An important step to troubleshooting the motherboard is to check all the connections it has to all other components. Disconnect and reconnect the cables both inside and out. Remove and reinstall any expansion cards. Also check to make sure there are no shorts from the motherboard to the case or any other device. Look for loose screws below the motherboard and remove any that are found.

Perhaps the most common reason for a motherboard failure are BIOS/UEFI issues. A new CPU or adapter card might not be supported by the current BIOS/UEFI, so it must be updated. Also, if the computer boots straight to the BIOS/UEFI or has an incorrect time and date, change out the CMOS battery with a fresh one to correct these problems.

To come to the conclusion that the motherboard is at fault, first test and—if necessary—replace the power supply, RAM, expansion cards, hard drive, and CPU with known good components. If the reported problem is still present, the motherboard is most likely faulty. It is common for a technician to have many components on hand to change them out, but the motherboard isn’t usually one of them. Trying to find a motherboard that is compatible with the current components can be challenging.

ESD damage can cause any number of symptoms from blue screen of death (BSOD) to random reboots. Turn off Automatic reboot on system failure in the System properties so the STOP error message and number on the BSOD can be read and researched. This often can lead to determining the likely cause of the problem.

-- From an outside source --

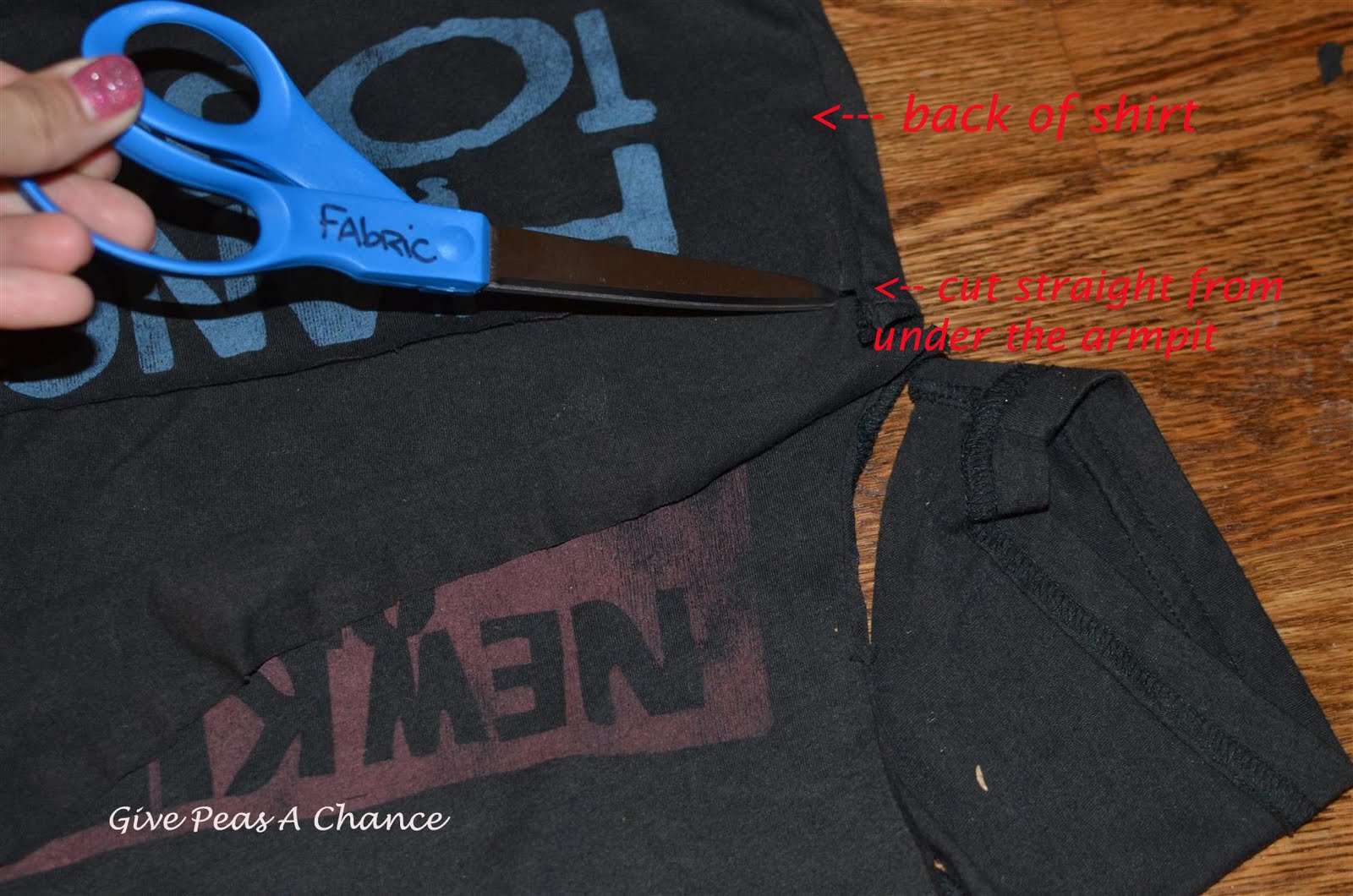 Give Peas a Chance DIY Tshirt to halter top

Component failures on motherboards also can happen. These are rare and hard to diagnose. Check POST settings to ensure that all the devices are detected and operating correctly. Also verify that the computer is operating within the acceptable temperature range, and replace any fans that are not functioning properly. In the earlier 2000s, many motherboard manufacturers used defective capacitors. Check that there are no distended or leaking capacitors anywhere on the motherboard. These capacitors will need to be replaced by a skilled technician to fix the motherboard.

When a computer is completely unresponsive, a device failure might be preventing the POST process from completing. Without beep codes or error messages on the screen, the problem is nearly impossible to diagnose. A POST card can be used to determine where the POST process is failing. The card is inserted into an adapter slot or USB port and will display an error code that indicates what component is causing the problem.

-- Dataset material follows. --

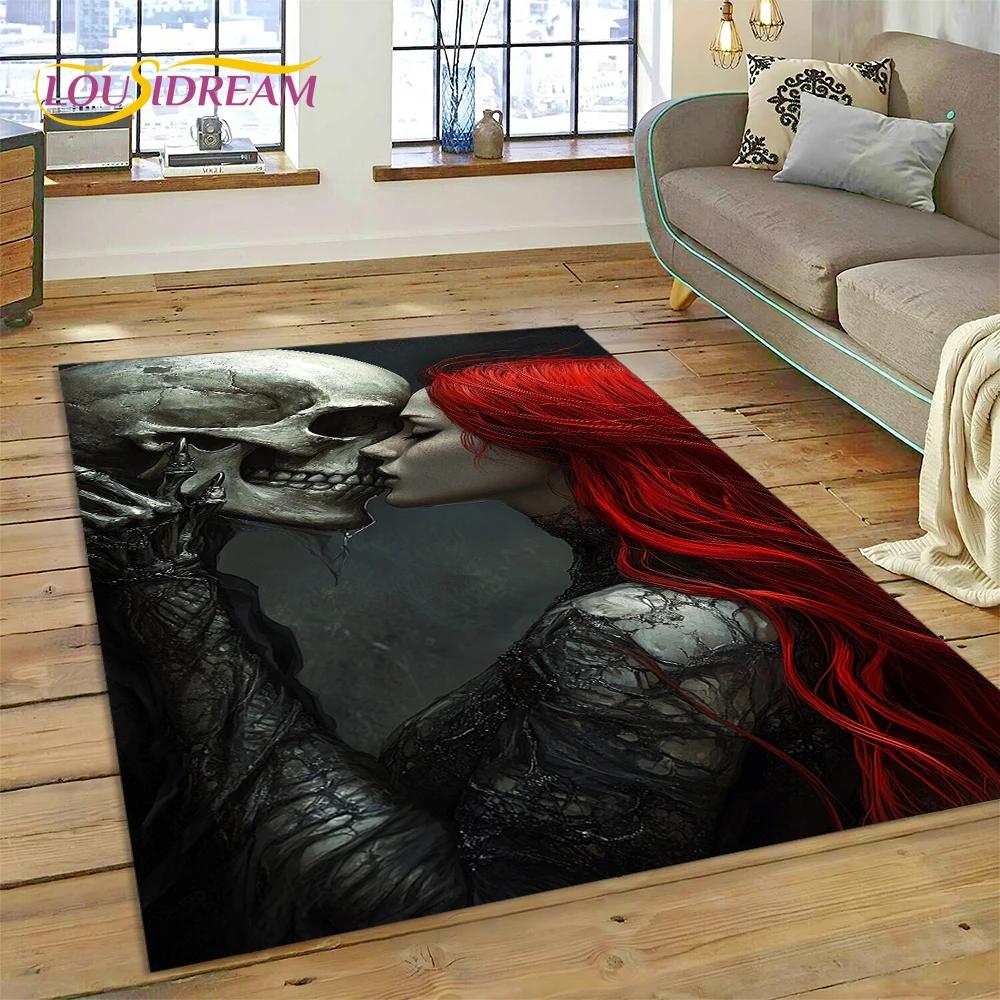 Alfombra de Estilo Gótico de Horror Personaje Calavera Fantasma Espíritu 27 para Dormitorio Sala de Estar Decoración de Sofá del Hogar, Alfombrilla de Suelo Decorativa para Niños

Another tool used to troubleshoot motherboards is the loopback plug. This plug is used to check the basic functionality of the RJ45 port. To use the plug, connect it to the port and use a command window to issue a ping command to the loopback address of 127.0.0.1. If the ping is not successful, the port might be broken or TCP/IP might not be functioning correctly.

Troubleshooting RAM

Unexpected shutdowns, system lockups, continuous reboots, BSOD, and intermittent device failure are all symptoms of memory failure. This does not mean that these are the only symptoms or that they apply only to memory errors, but they are common indicators. It is easier to test the RAM than it is to test a motherboard when symptoms point to both components.

Errors including parity errors, page faults, and error messages for error checking and correction (ECC) sound like they are related directly to memory, but this is not always the case. Parity errors, for example, will show up at the same hexadecimal location each time, indicating a real problem with a RAM stick. If the location changes or the system does not use ECC, the problem might be caused by a failing power supply, heat, poorly written software, or driver problems. In this case, troubleshoot the power supply first.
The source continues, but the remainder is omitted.